Dataset entries
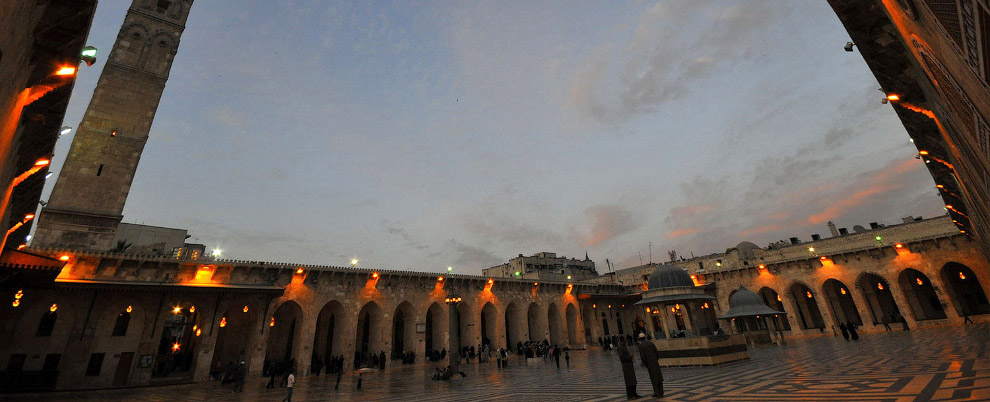 Мечеть Омейядов Алеппо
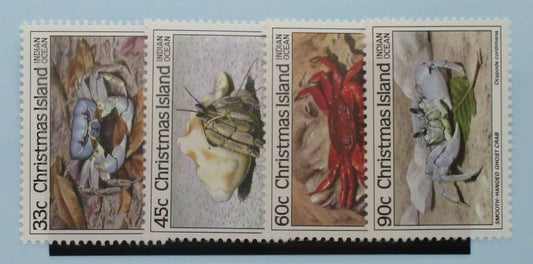 Christmas Island Stamps, 1985, SG199-202, Mint image 0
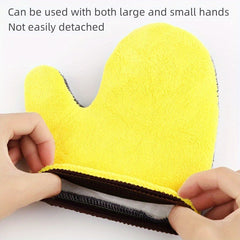 Car Washing Gloves and Cloth Cleaning Tool Set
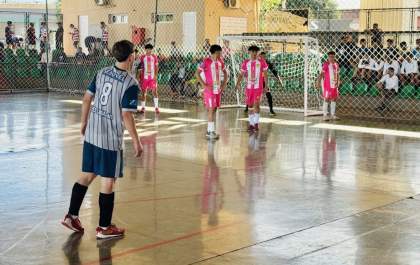 Começam os torneios de vôlei e futsal dos Jogos Escolares da Juventude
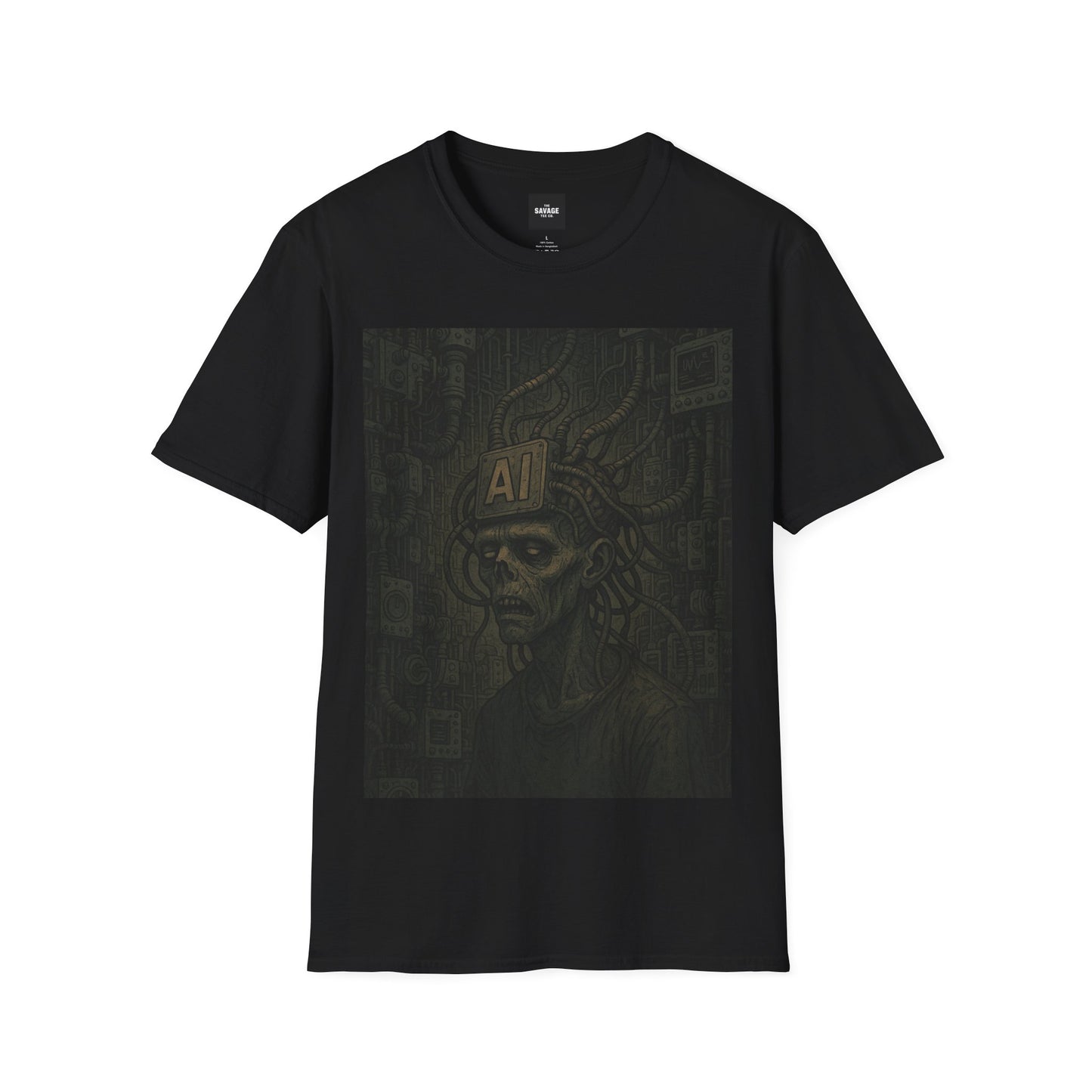 Wired AI Tee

What you have to do = Return a verbatim transcription of the data, omitting all images.

Output for this exercise =
 Мечеть Омейядов Алеппо
 Christmas Island Stamps, 1985, SG199-202, Mint image 0
 Car Washing Gloves and Cloth Cleaning Tool Set
 Começam os torneios de vôlei e futsal dos Jogos Escolares da Juventude
 Wired AI Tee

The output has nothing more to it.